The test remains: "must these change together in the same transaction?" If yes, they belong together.
Very Small Domains
In a small application with a handful of entities and low concurrency, the overhead of splitting into many small aggregates may not be worth it. If you have one user at a time and a few hundred records total, a larger aggregate that simplifies the code is a reasonable trade-off.
Start simple. Split when you feel the pain of contention, performance, or complexity.
Event Sourced Aggregates
Event-sourced aggregates have an additional consideration: the event stream
length. A long-lived aggregate with many events takes longer to replay. This
is another argument for small aggregates -- but also consider using snapshots
(Protean supports _version tracking) to mitigate replay cost rather than
splitting an aggregate that genuinely needs to be a single consistency boundary.
Common Mistakes
Mistake 1: Splitting Based on UI Screens
"The order details page shows orders, and the customer page shows customer info, so they should be separate aggregates." This reasoning happens to produce the right result for the wrong reason. Aggregate boundaries come from business invariants, not UI layout. If tomorrow the UI changes to show orders and customers on the same page, the aggregate boundaries shouldn't change.

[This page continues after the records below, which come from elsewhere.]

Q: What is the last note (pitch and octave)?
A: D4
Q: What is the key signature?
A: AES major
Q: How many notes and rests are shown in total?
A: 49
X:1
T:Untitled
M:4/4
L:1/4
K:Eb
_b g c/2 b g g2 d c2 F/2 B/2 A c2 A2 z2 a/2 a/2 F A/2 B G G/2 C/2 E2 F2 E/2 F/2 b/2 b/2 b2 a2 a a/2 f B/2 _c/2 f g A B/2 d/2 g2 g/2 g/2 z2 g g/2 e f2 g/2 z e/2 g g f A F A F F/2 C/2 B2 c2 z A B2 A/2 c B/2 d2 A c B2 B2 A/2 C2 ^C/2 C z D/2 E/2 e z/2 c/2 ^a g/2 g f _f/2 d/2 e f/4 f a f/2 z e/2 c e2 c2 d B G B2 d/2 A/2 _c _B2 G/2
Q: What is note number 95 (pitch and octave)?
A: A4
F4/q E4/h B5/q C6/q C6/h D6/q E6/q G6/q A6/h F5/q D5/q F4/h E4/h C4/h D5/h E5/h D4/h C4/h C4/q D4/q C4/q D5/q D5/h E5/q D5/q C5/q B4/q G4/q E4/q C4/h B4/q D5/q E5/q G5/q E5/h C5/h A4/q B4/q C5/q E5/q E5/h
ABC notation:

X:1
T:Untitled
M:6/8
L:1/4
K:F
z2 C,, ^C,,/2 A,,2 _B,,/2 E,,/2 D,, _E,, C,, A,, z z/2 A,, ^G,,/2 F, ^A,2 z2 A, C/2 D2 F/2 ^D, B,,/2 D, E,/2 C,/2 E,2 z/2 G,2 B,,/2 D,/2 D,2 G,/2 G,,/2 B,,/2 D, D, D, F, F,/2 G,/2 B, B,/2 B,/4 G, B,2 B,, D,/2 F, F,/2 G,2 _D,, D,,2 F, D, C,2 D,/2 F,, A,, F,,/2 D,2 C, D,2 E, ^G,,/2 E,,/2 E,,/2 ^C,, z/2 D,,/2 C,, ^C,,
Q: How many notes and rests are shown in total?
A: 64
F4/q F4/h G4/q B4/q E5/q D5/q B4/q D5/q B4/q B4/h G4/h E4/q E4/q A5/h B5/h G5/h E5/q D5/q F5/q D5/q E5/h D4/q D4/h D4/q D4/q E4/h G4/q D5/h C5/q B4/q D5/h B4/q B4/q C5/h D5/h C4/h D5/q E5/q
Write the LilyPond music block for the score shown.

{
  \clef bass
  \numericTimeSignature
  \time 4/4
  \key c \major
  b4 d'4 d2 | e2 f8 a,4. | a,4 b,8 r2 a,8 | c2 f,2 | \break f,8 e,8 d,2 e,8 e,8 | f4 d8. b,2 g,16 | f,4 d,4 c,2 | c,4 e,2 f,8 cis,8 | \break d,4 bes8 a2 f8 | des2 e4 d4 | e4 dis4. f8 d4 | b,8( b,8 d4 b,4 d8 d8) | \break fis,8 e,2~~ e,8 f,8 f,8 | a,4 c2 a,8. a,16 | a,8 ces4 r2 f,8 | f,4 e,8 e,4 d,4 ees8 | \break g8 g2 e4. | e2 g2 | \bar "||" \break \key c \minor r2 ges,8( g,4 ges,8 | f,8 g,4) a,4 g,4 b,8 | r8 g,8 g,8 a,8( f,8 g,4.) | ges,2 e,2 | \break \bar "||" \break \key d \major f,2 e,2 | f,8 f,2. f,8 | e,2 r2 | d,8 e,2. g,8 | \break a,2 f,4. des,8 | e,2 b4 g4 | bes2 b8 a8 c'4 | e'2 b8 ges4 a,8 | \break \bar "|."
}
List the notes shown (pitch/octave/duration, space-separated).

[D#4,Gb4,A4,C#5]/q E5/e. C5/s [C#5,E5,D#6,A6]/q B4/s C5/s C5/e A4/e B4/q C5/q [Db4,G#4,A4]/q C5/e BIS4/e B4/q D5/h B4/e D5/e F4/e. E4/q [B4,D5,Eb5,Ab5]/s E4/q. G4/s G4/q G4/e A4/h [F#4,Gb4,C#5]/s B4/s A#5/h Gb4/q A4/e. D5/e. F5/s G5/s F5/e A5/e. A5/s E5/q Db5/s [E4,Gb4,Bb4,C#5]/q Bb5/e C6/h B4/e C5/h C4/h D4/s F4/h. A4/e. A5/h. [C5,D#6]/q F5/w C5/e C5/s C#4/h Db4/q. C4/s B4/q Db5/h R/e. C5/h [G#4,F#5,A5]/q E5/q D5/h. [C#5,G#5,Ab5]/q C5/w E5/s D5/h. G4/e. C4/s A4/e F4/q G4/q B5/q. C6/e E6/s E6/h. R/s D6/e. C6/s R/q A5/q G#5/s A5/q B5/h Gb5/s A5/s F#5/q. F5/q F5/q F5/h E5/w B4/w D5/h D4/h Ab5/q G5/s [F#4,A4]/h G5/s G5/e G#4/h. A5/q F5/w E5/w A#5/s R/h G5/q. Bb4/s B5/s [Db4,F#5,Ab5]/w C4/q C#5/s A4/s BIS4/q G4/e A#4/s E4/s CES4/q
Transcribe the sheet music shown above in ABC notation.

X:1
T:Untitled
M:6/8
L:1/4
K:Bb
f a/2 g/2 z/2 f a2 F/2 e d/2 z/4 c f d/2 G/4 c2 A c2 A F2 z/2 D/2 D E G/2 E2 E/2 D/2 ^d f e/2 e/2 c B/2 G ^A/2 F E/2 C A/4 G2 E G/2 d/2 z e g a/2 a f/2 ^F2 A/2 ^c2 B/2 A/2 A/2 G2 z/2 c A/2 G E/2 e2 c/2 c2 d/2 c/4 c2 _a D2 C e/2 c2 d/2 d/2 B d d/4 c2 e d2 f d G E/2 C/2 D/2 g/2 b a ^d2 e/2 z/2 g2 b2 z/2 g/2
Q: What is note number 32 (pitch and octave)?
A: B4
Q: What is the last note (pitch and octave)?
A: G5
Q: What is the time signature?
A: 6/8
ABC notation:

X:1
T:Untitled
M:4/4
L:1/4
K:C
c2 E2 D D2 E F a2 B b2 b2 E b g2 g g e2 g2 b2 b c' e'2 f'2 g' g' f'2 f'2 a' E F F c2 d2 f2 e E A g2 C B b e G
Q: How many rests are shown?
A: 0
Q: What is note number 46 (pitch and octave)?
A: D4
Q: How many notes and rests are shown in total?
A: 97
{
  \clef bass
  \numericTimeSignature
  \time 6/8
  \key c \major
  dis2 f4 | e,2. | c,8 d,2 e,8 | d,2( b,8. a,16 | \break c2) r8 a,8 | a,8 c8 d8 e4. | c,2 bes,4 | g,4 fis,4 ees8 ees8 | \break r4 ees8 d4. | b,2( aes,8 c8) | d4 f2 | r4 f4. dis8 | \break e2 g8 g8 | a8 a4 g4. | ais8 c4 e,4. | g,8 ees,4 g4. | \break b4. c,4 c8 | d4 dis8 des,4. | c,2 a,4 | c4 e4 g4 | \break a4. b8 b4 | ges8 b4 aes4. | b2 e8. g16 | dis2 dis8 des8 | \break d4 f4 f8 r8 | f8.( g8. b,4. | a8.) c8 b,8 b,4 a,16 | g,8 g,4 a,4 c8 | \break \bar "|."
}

Mistake 2: Using HasOne/HasMany for Cross-Aggregate References
# Mistake: using association fields for separate aggregates
@domain.aggregate
class Order:
customer = HasOne(Customer) # This embeds Customer inside Order
HasOne and HasMany are for entities within the aggregate. For references
to other aggregates, use Identifier:
# Correct: identity reference to another aggregate
@domain.aggregate
class Order:
customer_id = Identifier(required=True) # References Customer
Mistake 3: Premature Splitting
Don't split an aggregate just because it has many fields. A User aggregate
with 15 fields (name, email, phone, preferences, settings) is fine if those
fields must be consistent with each other. The number of fields is not the
criterion -- the consistency requirement is.
Summary
| Aspect | Large Aggregates | Small Aggregates |
|---|---|---|
| Boundary criterion | Data relationships | Consistency requirements |
| Cross-aggregate reference | Embed (HasOne/HasMany) | Identity (Identifier) |
| Cross-aggregate changes | Same transaction | Domain events |
| Loading cost | Entire object graph | Only what's needed |
| Concurrency | High contention | Low contention |
| Transaction scope | Large (risky) | Small (safe) |
| Scalability | Limited | Independent per aggregate |
| Testability | Requires full graph | Isolated units |
The principle: draw aggregate boundaries around consistency requirements, not data relationships. Reference other aggregates by identity. Use domain events for cross-aggregate communication.